Instructions to follow => Skip the pictures and write out, word for word, the lines below from the one with "1964 James Galanos, abito" through the one with "Real Carbon Fiber", inclusive.

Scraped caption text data
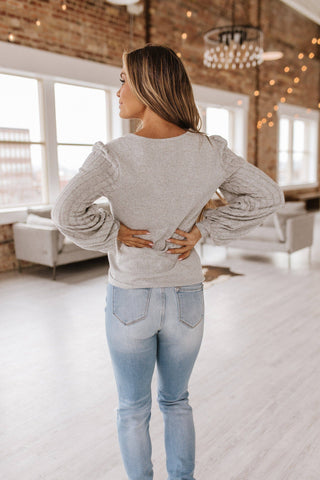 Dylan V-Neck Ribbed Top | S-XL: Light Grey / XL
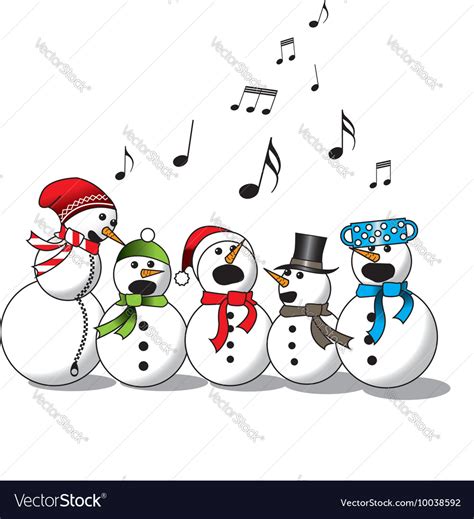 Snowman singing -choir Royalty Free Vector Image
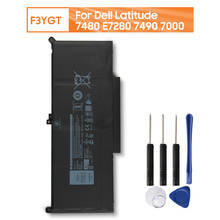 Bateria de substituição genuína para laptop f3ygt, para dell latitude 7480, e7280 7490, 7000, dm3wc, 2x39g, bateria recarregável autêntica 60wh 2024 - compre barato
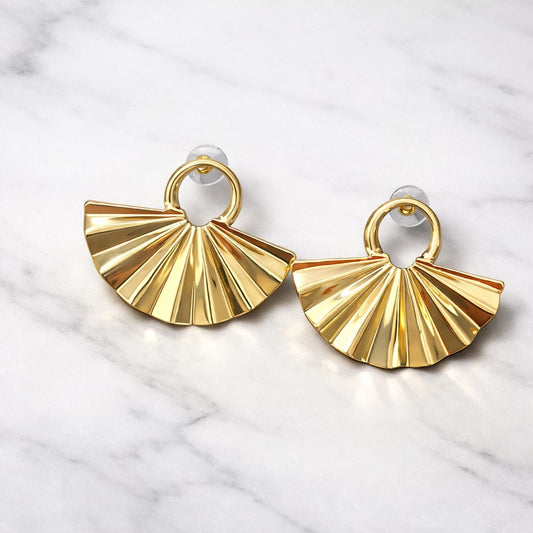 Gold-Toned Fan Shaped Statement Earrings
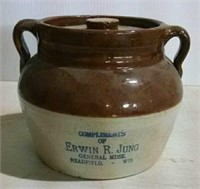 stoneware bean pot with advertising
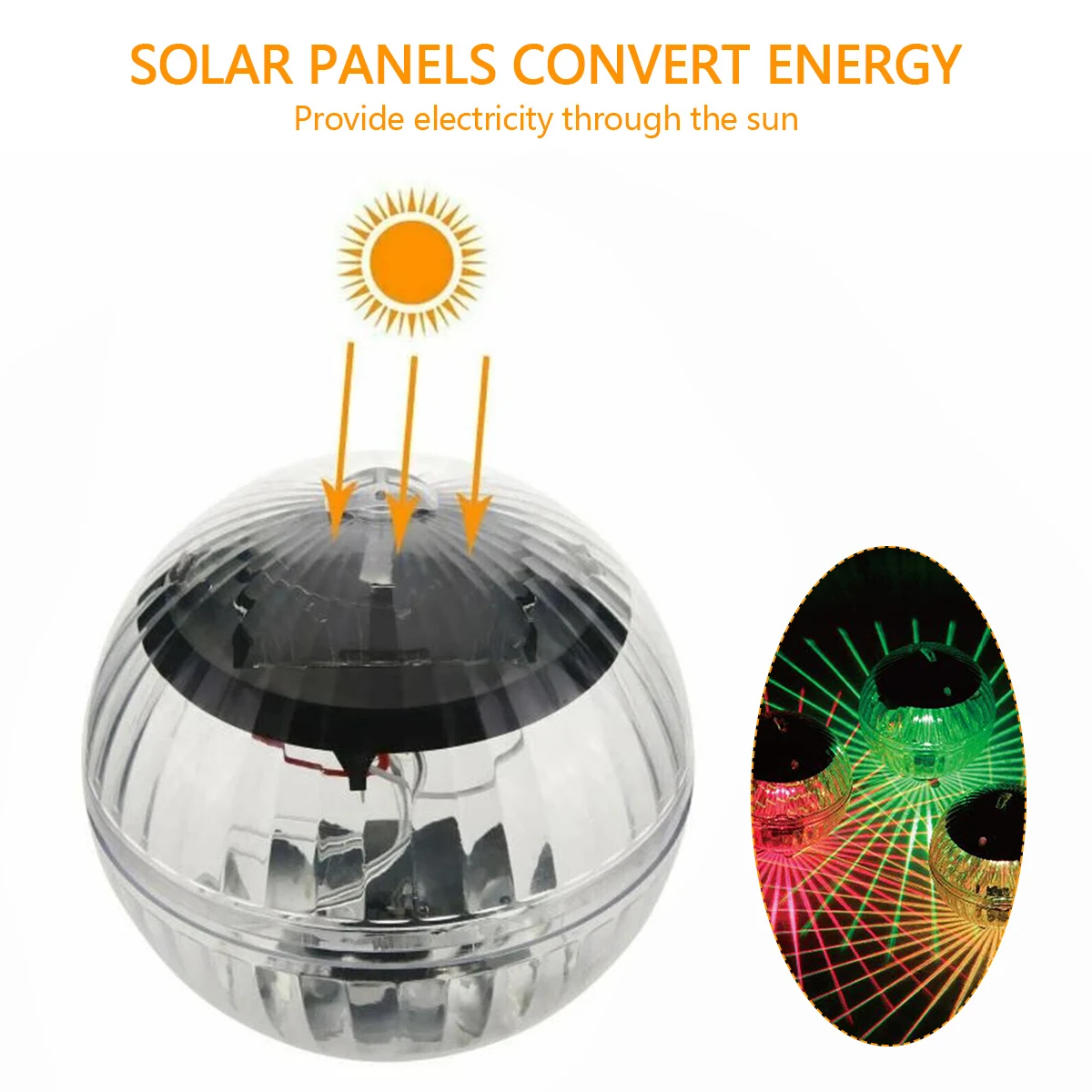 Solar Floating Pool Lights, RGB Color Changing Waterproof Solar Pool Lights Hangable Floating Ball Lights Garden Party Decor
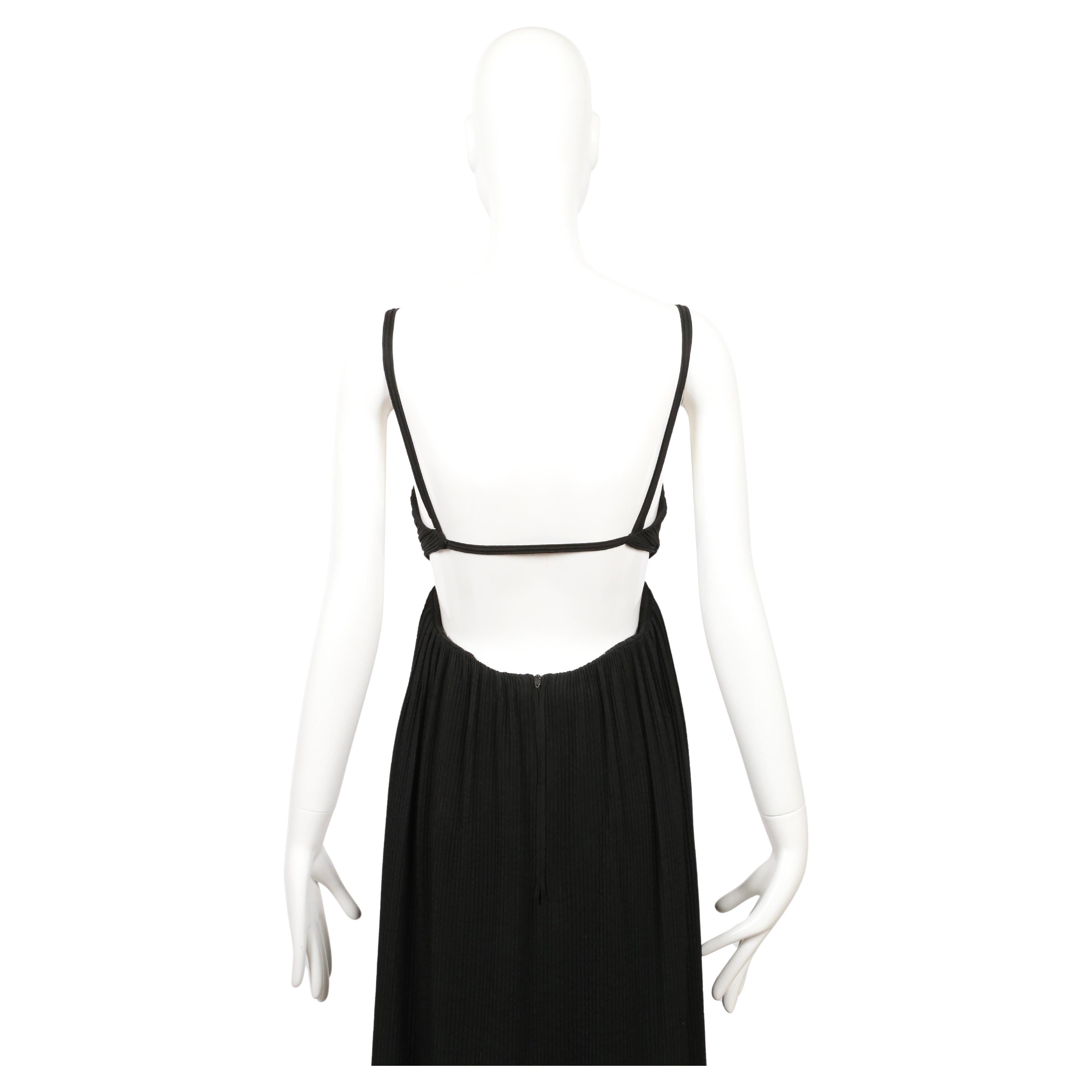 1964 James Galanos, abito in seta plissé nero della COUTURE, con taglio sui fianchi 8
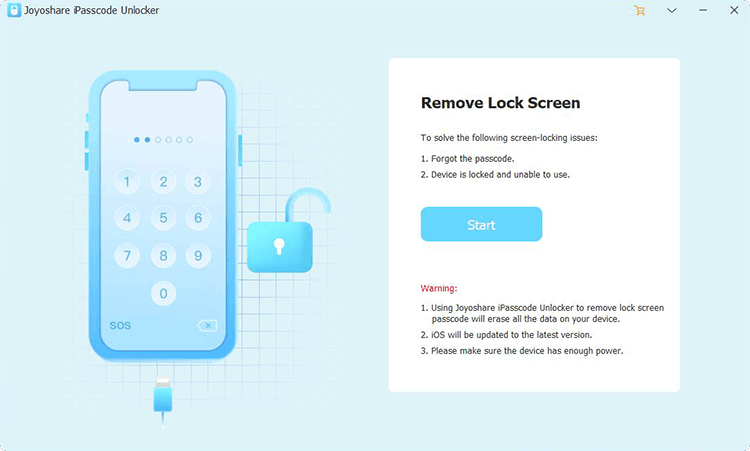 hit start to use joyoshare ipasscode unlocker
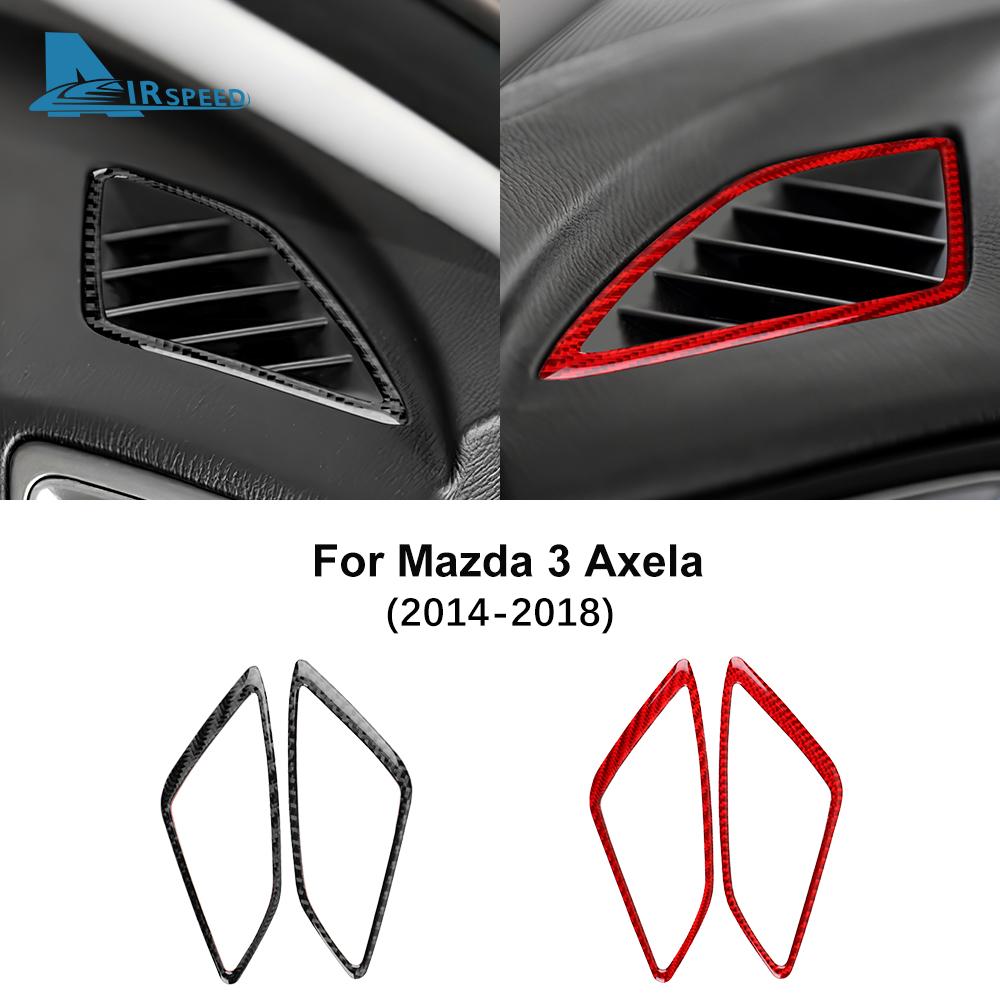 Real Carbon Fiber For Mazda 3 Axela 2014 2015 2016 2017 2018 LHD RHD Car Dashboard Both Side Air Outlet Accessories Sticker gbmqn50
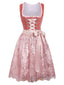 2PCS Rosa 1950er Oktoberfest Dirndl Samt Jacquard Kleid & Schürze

Result for this task =>
 1964 James Galanos, abito in seta plissé nero della COUTURE, con taglio sui fianchi 8
 hit start to use joyoshare ipasscode unlocker
 Real Carbon Fiber For Mazda 3 Axela 2014 2015 2016 2017 2018 LHD RHD Car Dashboard Both Side Air Outlet Accessories Sticker gbmqn50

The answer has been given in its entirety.